Overnight, we had heard more discouraging news from Cleveland. Mark left early that morning with Shannon for Cleveland, and I went to the office. It seemed like he had been in Cleveland ten minutes -- maybe -- and he was on the phone to me again. He said "this is it." He was sure of it. Fear and dread coursed through my bloodstream. What were we going to do??? I couldn't take off work for a funeral -- not right now. Maybe it wouldn't happen.....


Another hour went by. Another phone call from Mark. "You need to come quickly, and bring Meredith." After I hung up and felt my knees buckle, I was observed by Jim to be just sitting. Slumped, at Jim's former desk, in his former, enormous office. I motioned him in, and he saw my pale face and blank expression. Of course, there was no way to not tell him. I thought he would express his sympathy, and I would get back to work somehow. But, I discovered I didn't know the real Jim very well.


He said, "...you need to stand up right now and go. Go take care of your family."


Naturally, I protested that there was no way I could do that. No way I would leave my beloved group members to fend for themselves. He reminded me that they were there because they were more than capable of covering everything for me. I reminded him about the important, upcoming Division meeting. I was expecting to be indispensible for it. He told me again that I needed to take care of my family. He said I would never regret it. The salesman made it clear that there would be no messin' around with Jim on this one.

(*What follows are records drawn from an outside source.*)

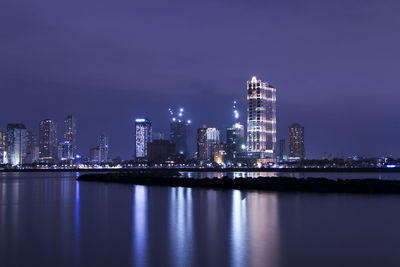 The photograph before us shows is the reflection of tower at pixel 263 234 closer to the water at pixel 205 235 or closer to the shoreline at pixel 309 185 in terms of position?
the water at pixel 205 235

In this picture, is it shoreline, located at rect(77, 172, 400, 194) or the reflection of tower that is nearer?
the reflection of tower

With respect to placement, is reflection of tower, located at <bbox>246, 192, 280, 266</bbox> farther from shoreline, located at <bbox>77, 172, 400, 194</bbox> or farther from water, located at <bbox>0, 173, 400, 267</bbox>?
shoreline, located at <bbox>77, 172, 400, 194</bbox>

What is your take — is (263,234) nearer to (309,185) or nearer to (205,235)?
(205,235)

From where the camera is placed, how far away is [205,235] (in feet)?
59.6

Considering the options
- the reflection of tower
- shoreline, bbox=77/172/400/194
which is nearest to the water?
the reflection of tower

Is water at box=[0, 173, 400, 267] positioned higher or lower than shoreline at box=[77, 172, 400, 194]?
lower

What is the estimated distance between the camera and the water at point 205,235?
1387 centimetres

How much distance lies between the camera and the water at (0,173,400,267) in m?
13.9

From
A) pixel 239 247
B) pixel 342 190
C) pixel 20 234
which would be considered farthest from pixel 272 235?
pixel 342 190

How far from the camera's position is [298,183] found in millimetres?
45219

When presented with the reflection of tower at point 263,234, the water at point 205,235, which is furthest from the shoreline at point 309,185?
the reflection of tower at point 263,234

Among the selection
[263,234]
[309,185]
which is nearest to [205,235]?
[263,234]

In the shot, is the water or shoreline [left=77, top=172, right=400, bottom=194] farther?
shoreline [left=77, top=172, right=400, bottom=194]

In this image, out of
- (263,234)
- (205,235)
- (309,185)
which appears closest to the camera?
(205,235) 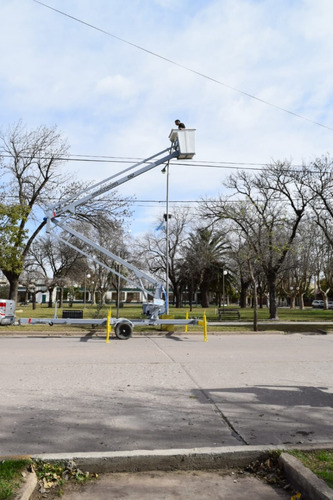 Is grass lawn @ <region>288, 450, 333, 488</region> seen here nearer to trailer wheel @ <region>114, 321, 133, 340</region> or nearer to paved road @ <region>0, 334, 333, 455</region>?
paved road @ <region>0, 334, 333, 455</region>

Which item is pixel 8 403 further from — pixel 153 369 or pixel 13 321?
pixel 13 321

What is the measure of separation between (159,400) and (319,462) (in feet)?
10.3

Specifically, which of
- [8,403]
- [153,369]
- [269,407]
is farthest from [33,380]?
[269,407]

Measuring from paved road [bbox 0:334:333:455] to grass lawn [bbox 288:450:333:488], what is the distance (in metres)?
0.63

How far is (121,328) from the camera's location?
16031 millimetres

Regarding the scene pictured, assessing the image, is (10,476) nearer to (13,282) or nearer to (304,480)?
(304,480)

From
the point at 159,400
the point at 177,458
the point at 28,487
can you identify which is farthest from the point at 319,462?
the point at 159,400

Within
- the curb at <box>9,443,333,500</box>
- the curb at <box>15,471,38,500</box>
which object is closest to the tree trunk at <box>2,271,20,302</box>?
the curb at <box>9,443,333,500</box>

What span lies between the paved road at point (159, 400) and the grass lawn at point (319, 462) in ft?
2.07

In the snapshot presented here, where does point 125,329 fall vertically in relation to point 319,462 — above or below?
above

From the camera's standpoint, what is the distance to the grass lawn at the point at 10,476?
3.14 metres

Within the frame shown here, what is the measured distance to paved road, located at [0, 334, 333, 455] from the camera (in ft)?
15.7

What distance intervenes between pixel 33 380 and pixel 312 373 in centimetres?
574

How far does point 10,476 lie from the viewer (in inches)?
135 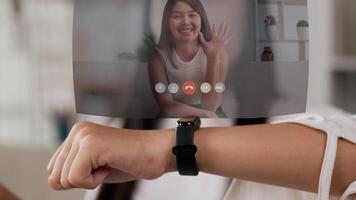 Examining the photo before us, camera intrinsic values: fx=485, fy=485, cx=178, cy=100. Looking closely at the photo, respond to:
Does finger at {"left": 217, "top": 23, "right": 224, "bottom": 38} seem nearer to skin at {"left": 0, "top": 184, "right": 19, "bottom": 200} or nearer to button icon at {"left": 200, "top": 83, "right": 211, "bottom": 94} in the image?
button icon at {"left": 200, "top": 83, "right": 211, "bottom": 94}

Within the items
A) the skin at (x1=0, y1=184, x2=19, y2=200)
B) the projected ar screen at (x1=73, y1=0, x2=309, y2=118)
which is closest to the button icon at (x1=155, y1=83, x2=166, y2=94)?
the projected ar screen at (x1=73, y1=0, x2=309, y2=118)

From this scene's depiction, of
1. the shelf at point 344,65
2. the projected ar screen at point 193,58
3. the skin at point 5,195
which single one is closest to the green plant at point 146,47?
the projected ar screen at point 193,58

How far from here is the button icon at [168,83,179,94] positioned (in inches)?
14.5

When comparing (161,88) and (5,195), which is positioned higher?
(161,88)

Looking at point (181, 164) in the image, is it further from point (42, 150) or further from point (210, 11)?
point (42, 150)

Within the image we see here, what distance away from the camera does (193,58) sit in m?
0.36

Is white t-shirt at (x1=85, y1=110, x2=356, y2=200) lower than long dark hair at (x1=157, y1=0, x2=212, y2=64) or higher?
lower

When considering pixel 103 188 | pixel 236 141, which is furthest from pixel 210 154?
pixel 103 188

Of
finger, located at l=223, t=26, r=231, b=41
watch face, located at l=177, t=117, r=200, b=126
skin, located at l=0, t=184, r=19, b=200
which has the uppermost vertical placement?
finger, located at l=223, t=26, r=231, b=41

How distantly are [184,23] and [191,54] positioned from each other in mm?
24

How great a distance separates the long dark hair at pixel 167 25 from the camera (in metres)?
0.36

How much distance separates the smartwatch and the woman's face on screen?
6 cm

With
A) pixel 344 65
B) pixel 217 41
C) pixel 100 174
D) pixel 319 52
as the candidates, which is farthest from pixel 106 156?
pixel 344 65

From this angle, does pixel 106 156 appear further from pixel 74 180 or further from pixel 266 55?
pixel 266 55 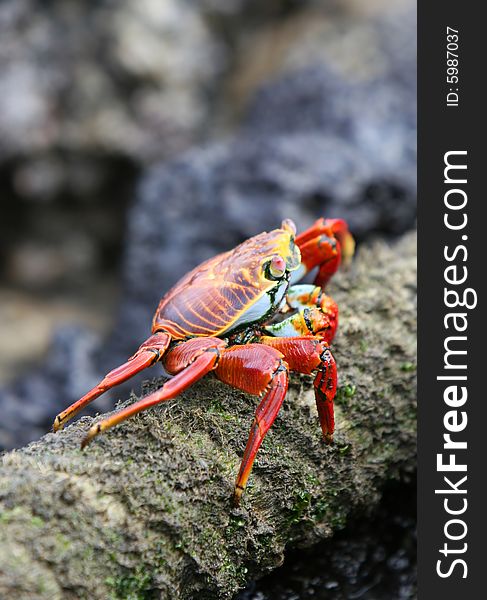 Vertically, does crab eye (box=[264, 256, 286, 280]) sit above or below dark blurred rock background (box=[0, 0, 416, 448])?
below

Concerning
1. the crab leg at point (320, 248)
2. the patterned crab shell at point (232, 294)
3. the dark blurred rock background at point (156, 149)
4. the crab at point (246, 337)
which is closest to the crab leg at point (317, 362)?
the crab at point (246, 337)

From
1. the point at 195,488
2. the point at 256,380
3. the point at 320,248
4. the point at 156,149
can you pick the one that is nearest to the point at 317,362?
the point at 256,380

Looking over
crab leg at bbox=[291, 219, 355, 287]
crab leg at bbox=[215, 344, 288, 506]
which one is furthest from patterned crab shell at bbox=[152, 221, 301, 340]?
crab leg at bbox=[291, 219, 355, 287]

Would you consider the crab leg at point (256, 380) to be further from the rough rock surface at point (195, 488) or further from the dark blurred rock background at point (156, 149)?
the dark blurred rock background at point (156, 149)

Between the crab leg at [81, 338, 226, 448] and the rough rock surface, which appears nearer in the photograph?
the rough rock surface

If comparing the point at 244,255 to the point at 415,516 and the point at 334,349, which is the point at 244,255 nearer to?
the point at 334,349

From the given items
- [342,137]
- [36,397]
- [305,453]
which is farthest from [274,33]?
[305,453]

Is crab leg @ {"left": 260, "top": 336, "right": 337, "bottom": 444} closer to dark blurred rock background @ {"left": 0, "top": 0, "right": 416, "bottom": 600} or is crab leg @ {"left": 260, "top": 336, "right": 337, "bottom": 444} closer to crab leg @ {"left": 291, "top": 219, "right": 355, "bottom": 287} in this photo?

I stood up from my desk and left the office. I went to United Airlines in Walnut Creek and bought tickets for me and Meredith on the next flight to Cleveland from Oakland -- the redeye that would stop in Detroit. I sat up all night on two planes, watching a little girl try to sleep. She had been named after my father-in-law's oldest brother. He had died of a brain tumor at 50, which happened to be Jim's age on that night.


I left voicemail messages for Jim every day of the 17 days I was away. He only replied twice -- the first time was to the first one. He said that he didn't need to know anything about it and would see me when I got back. When I got back, so much time had passed. In the business sense. The position of a pregnant group member was now covered by my dear friend from Del Monte, who had been set up as consultant during her absence. I had missed the baby shower. Meredith was now four years old. We had had a little party for her in Papa D.'s room the night before he really began to slip into the final days. Meredith and I had been in Cleveland for just a few hours. It was the last time Papa D. was really Papa D.

I had spent the last week of my father-in-law's life in the Cleveland Clinic. Meredith had been diagnosed during that time with the croup. She and I had been almost lost in a plane crash when our connecting flight from Kansas City to Wichita was involved in a torrential rain storm. We seemed inches from the ground, when I felt the small craft being pulled back into the heavens to safety. By the same Hand that took Meredith's grandpa from his coma into the light early the next morning. Our family of four had been reunited in Papa D.'s house. I was there with Mark after that final phone call, to wake up Shannon together and tell her that Papa D. was gone.


Two time zones behind us, Jim wasn't even awake yet. But, I left him the voicemail message anyway. I had been gone a week already. Now, we had a funeral to plan. His second response came to this message. "Take care of your family."


Last summer, Mark got a surprise message from Cathy -- a woman in that same time zone. She told Mark that her husband -- one of his best friends from northern California and fellow Trojan alum -- was at the end of an incredibly shocking cancer battle. It was going to take him, and it might be a matter of hours. He hadn't wanted anyone to know. But, she had to tell Mark now. I heard the words again, coming out of my mouth.


"You need to stand up right now and go." Meredith stood up and went with him.